Mehdi Poursoltani is a patent attorney at UTULAW PC, where he focuses on prosecuting patent applications across a wide range of technology sectors. Drawing on his experience in both patent prosecution and intellectual property litigation, Mr. Poursoltani also represents clients in patent, trademark, and trade dress disputes before federal courts in California and across the United States.
Before entering private practice, Mr. Poursoltani served as a patent examiner at the United States Patent and Trademark Office (USPTO), where he worked within the biomedical engineering art group. His experience at the USPTO has given him valuable insight into the patent examination process, which enhances his ability to navigate complex patent applications and effectively advocate for clients.
In addition to his legal career, Mr. Poursoltani spent over a decade working in the engineering field. His technical background includes roles as an R&D manager and senior full-stack engineer, where he gained hands-on experience with a wide range of technologies. These include vehicle communication protocols, digital signal processing, biological signal processing, artificial intelligence, machine learning, embedded systems, circuit design, and more. This extensive engineering experience allows him to better understand the technical aspects of patent law, providing clients with informed and strategic legal counsel.

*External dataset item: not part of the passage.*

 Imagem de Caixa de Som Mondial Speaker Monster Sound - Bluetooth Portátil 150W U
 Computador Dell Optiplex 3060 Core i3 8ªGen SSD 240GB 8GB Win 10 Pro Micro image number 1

Mr. Poursoltani combines his legal expertise with a strong technical foundation to offer comprehensive services in patent prosecution, litigation, and portfolio management.
Education
- University of San Diego School of Law, San Diego, CA
- Juris Doctor, Concentration in Intellectual Property & Technology Law, 2019
- Master of Science, Biomedical/Bioelectrical Engineering, 2006
- Bachelor of Arts, Biomedical Engineering, 2003
Admissions
- United States Patent & Trademark Office (USPTO)
- California State Bar
- United States District Court for the Central District of California
Publications
- Mehdi Poursoltani, “Disclosing AI inventions.” Tex. Intell. Prop. LJ 29 (2021): 41.
- Mehdi Poursoltani, et al., “Comparing higher order statistics of three ICA methods in wavelets-based single-channel fetal ECG extraction.” 2006 International Conference on Biomedical and Pharmaceutical Engineering. IEEE, 2006.